Defendants' motions for reconsideration on the negligent misrepresentation claim rely on Landesbank Baden-Wurttemberg v. Goldman, Sachs & Co., 478 F. App'x 679 (2d Cir. 2012) (summary order) [hereinafter LBW], which was discussed in the Opinion. In LBW, a company related to LBBW brought suit for negligent misrepresentation, among other causes of action, in relation to a CDO purchase. The LBW panel held in a nonprecedential summary order
Certain language in disclaimers that the LBW panel cited is identical to language in disclaimers here. (Compare Dkt. No. 40, Ex. 2, at x-xi, with Dkt. No. 49, Ex. 8, at 9-11.) Defendants contend that LBW's holding, and the parallel language used in the disclaimers in both cases, should change the result reached by the Opinion as to the negligent misrepresentation claim. But Defendants fail to appreciate the peculiar-knowledge exception. See Warner Theatre Assocs. Ltd. P'ship v. Metro. Life Ins. Co., 149 F.3d 134, 136 (2d Cir. 1998) ("[I]f the allegedly misrepresented facts are peculiarly within the misrepresenting party's knowledge, even a specific disclaimer will not undermine another party's allegation of reasonable reliance on the misrepresentations."). The motions for reconsideration do not challenge the Opinion's holding that the alleged misrepresentation here involved facts peculiarly within Defendants' knowledge. (See Opinion at 16-17 (holding that Defendants "had greater access to relevant facts about specific mortgages that were securitized in the CDO and about the CDO market more generally" and that LBBW's predecessor "could not have uncovered the discrepancy between Wachovia's internal valuation and its stated valuation of [the preference shares]").) Because the alleged misrepresentations involved information peculiarly within Defendants' knowledge, the disclaimer is ineffective to defeat the negligent misrepresentation claim at this stage.

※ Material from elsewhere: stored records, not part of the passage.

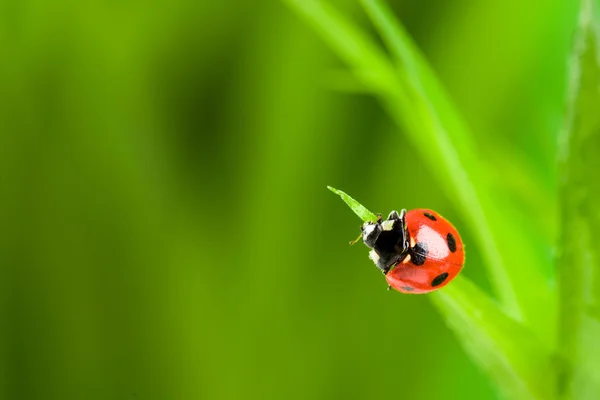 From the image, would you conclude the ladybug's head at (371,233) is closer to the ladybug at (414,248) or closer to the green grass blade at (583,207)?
Answer: the ladybug at (414,248)

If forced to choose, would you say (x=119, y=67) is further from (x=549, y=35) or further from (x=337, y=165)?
(x=549, y=35)

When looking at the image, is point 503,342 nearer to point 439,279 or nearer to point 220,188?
point 439,279

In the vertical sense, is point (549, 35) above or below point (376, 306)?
above

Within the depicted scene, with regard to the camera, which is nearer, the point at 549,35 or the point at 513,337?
the point at 513,337

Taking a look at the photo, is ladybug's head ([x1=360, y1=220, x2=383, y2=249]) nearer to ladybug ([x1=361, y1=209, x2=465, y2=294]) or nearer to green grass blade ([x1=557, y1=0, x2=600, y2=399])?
ladybug ([x1=361, y1=209, x2=465, y2=294])

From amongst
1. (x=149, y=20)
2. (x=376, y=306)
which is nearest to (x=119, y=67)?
(x=149, y=20)

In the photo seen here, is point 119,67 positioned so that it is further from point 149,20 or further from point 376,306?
point 376,306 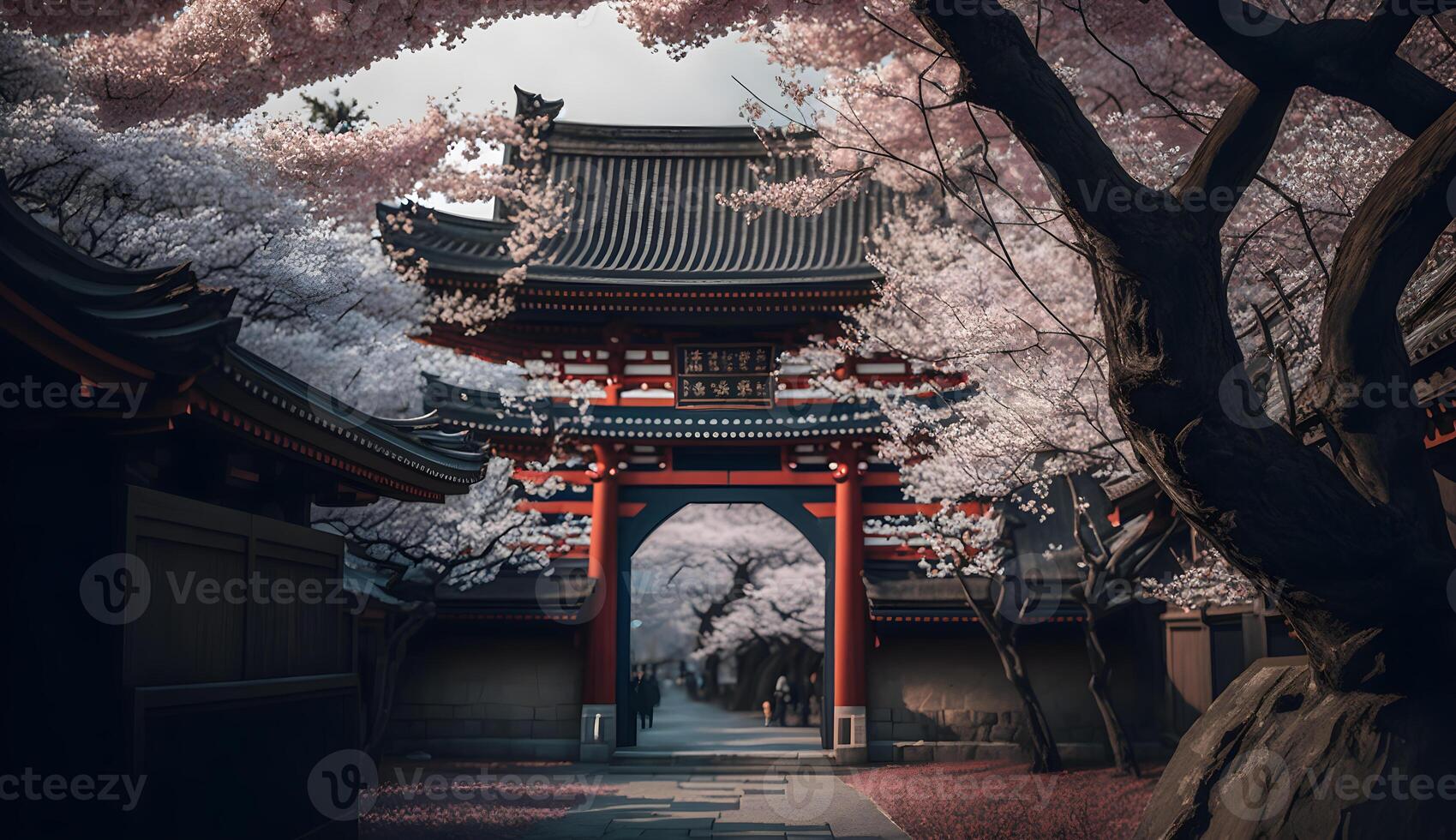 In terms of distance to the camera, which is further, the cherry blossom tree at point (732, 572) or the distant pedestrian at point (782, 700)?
the cherry blossom tree at point (732, 572)

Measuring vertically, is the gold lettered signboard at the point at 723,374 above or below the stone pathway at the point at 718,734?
above

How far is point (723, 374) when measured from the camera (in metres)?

In LBW, by contrast, the Second Circuit discussed the peculiar-knowledge exception and held that the complaint in that case "fail[ed] to allege facts plausibly establishing existence of such knowledge." LBW, 478 F. App'x at 683.
For these reasons, LBBW's negligent misrepresentation claim cannot be rejected on a motion to dismiss. Defendants' motions for reconsideration on this claim are denied.

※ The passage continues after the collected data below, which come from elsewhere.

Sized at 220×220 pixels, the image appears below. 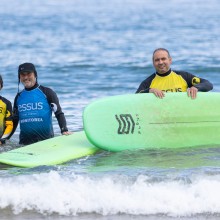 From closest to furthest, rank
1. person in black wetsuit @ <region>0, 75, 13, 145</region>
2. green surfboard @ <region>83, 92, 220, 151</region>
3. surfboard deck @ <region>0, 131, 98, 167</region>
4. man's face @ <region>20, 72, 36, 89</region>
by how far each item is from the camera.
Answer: surfboard deck @ <region>0, 131, 98, 167</region> → man's face @ <region>20, 72, 36, 89</region> → green surfboard @ <region>83, 92, 220, 151</region> → person in black wetsuit @ <region>0, 75, 13, 145</region>

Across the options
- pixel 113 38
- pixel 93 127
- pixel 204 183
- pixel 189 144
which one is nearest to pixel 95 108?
pixel 93 127

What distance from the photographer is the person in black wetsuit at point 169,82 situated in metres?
7.98

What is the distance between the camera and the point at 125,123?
7.97 metres

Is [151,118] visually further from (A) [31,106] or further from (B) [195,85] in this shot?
(A) [31,106]

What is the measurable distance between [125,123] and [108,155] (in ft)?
1.25

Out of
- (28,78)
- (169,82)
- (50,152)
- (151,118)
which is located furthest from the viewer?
(169,82)

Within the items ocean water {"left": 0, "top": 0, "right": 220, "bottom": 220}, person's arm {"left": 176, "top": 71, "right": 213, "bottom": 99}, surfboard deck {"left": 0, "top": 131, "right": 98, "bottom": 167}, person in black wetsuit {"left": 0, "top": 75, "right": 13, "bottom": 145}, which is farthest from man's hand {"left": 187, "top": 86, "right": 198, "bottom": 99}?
person in black wetsuit {"left": 0, "top": 75, "right": 13, "bottom": 145}

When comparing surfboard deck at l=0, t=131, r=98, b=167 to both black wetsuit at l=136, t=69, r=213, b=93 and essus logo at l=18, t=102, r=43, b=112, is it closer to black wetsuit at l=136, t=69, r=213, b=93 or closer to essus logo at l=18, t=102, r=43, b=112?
essus logo at l=18, t=102, r=43, b=112

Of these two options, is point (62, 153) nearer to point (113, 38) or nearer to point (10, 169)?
point (10, 169)

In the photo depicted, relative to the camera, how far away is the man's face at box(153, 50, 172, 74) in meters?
7.84

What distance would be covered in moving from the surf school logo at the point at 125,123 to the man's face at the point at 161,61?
1.96 feet

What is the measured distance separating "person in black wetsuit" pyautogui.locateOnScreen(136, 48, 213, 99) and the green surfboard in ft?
0.29

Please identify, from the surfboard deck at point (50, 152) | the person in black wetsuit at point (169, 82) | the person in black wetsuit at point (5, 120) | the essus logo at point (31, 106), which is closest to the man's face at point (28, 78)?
the essus logo at point (31, 106)

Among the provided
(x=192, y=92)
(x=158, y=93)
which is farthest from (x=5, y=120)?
(x=192, y=92) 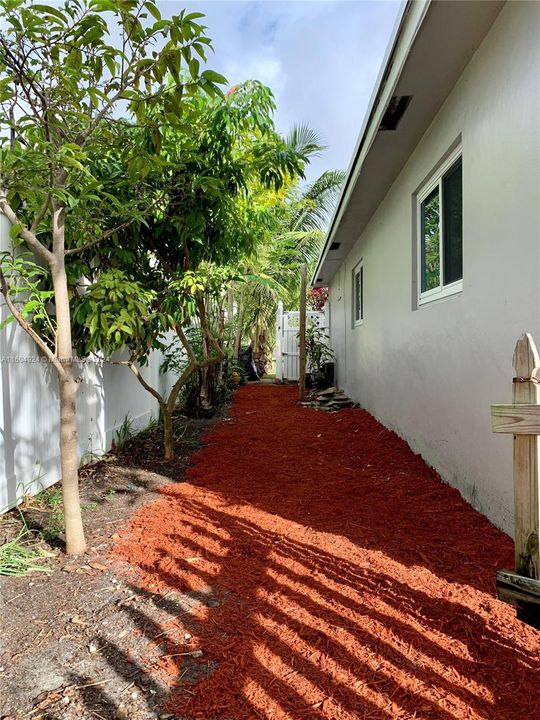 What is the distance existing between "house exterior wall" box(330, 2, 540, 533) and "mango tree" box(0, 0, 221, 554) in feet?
5.57

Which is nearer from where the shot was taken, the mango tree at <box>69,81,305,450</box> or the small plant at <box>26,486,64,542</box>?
the small plant at <box>26,486,64,542</box>

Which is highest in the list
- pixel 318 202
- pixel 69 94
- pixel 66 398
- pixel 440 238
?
pixel 318 202

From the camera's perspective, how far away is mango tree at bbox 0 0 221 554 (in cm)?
226

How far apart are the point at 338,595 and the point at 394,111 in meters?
3.71

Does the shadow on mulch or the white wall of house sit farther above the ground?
the white wall of house

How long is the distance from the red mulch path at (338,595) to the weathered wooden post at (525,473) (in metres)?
0.40

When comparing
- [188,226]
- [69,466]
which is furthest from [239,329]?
[69,466]

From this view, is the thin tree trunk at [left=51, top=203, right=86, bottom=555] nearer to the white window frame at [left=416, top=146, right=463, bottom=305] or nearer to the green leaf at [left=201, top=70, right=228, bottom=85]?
the green leaf at [left=201, top=70, right=228, bottom=85]

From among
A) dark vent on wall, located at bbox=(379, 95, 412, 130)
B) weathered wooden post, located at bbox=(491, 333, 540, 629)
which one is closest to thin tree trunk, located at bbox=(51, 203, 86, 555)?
weathered wooden post, located at bbox=(491, 333, 540, 629)

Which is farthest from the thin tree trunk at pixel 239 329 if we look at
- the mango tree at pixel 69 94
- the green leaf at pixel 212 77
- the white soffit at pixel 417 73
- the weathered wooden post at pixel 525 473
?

As set out in the Opinion, the elements of a New York constructive fraud claim are the same as those for an actual fraud claim, except the scienter element is replaced by a requirement that Plaintiff show "the existence of a fiduciary or confidential relationship warranting the trusting party to repose his confidence in the defendant and therefore to relax the care and vigilance he would ordinarily exercise in the circumstances." Brown v. Lockwood, 432 N.Y.S.2d 186, 194 (App. Div. 2d Dep't 1980). "[A] confidential relationship may indeed arise between the parties to a business relationship," Societe Nationale d'Exploitation Industrielle des Tabacs et Allumettes v. Salomon Bros. Int'l Ltd., 674 N.Y.S.2d 648, 649 (App. Div. 1st Dep't 1998), where "the defendant promisor has, or should have, superior and accurate knowledge concerning the matters to which his statements relate," Lockwood, 432 N.Y.S.2d at 195.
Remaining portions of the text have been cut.